### Your goal:
In the listing below, find the line containing "Let's launch the" and the line containing "To change your". Repeat exactly those two lines and every line between them, nothing more.

### Data to examine:
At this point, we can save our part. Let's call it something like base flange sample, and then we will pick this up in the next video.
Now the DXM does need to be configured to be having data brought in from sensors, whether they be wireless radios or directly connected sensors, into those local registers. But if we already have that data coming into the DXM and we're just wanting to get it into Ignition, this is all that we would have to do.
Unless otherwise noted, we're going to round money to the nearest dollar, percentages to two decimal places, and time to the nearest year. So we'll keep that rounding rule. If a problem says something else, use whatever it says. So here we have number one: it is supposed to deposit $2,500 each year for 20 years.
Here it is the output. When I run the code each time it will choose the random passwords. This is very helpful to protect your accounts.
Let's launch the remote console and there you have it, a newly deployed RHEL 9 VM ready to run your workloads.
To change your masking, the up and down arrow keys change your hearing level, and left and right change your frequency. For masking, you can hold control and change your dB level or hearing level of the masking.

==

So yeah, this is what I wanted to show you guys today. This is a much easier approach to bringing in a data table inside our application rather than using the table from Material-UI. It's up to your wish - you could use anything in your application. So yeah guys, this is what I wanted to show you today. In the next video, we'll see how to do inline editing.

==

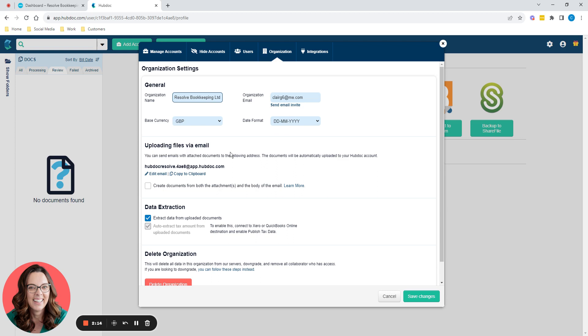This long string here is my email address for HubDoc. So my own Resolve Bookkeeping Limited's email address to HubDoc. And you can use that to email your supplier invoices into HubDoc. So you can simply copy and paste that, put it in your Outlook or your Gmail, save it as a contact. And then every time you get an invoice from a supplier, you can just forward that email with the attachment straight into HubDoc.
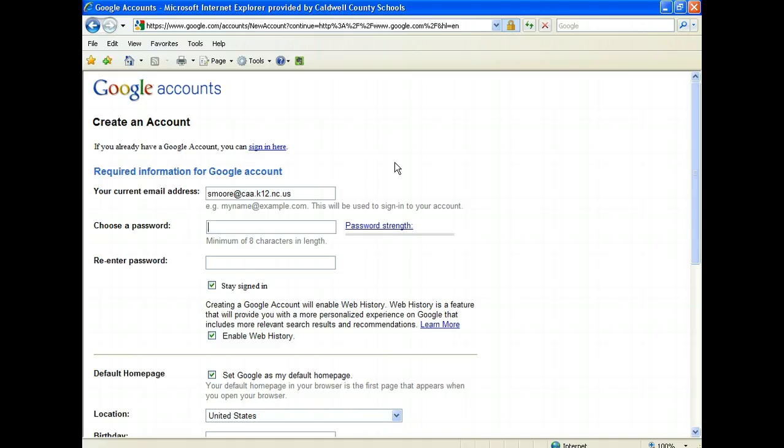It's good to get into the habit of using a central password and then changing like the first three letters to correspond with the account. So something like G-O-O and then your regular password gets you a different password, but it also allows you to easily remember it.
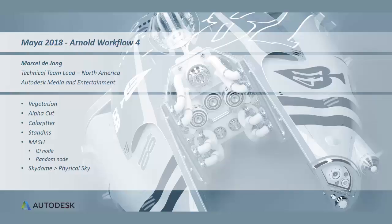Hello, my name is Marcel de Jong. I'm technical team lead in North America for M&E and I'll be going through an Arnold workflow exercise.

### Solution to this problem:
Let's launch the remote console and there you have it, a newly deployed RHEL 9 VM ready to run your workloads.
To change your masking, the up and down arrow keys change your hearing level, and left and right change your frequency. For masking, you can hold control and change your dB level or hearing level of the masking.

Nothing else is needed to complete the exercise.